--- Supplied material ---
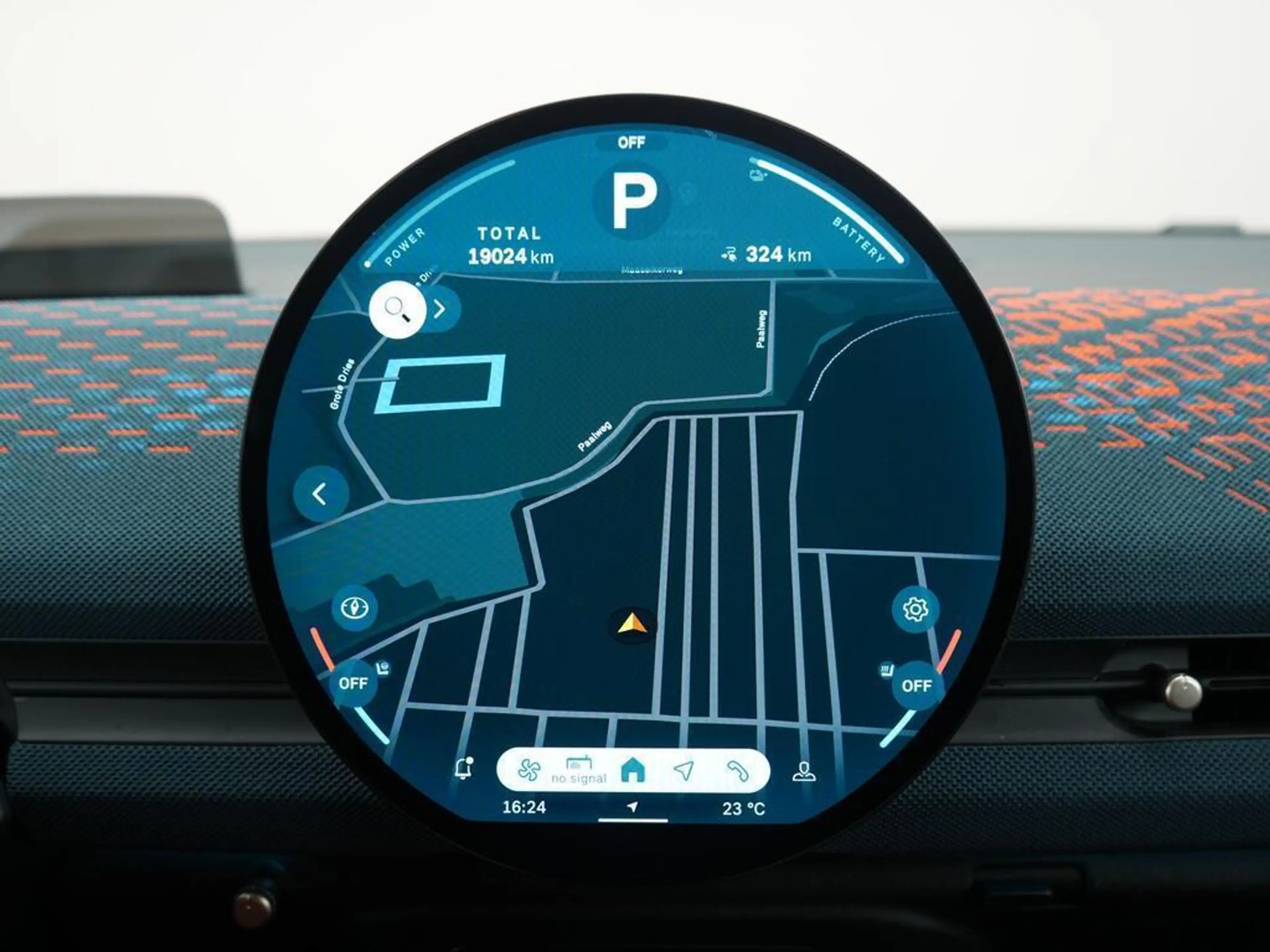 MINI Aceman SE Favoured M 54.2 kWh — photo 14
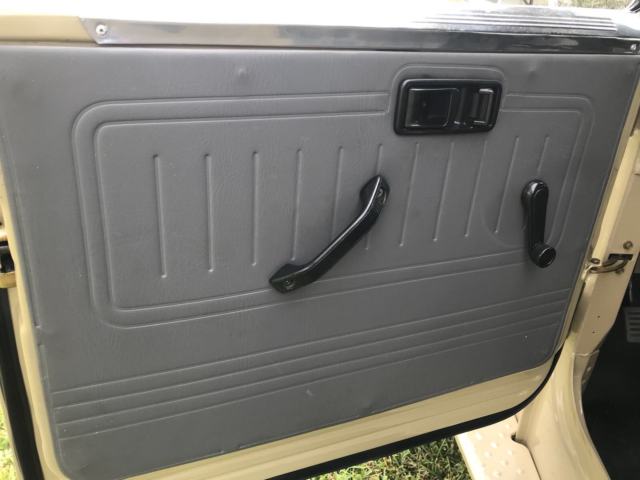 1982 Toyota Land Cruiser FJ40 4X4 - photo 13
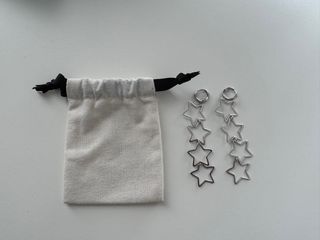 Pendientes largos de estrellas plateadas
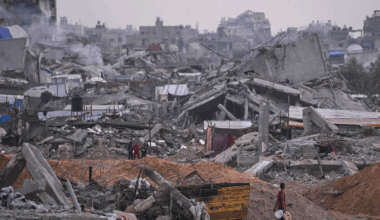 Israel kills 1 Palestinian in Gaza amid fragile ceasefire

--- What the exercise asks ---
Exactly as they stand, write the lines from the one holding "Pendientes largos de estrellas plateadas" to the end of the material, both ends included. Do not copy the pictures.

--- Output for this task ---
 Pendientes largos de estrellas plateadas
 Israel kills 1 Palestinian in Gaza amid fragile ceasefire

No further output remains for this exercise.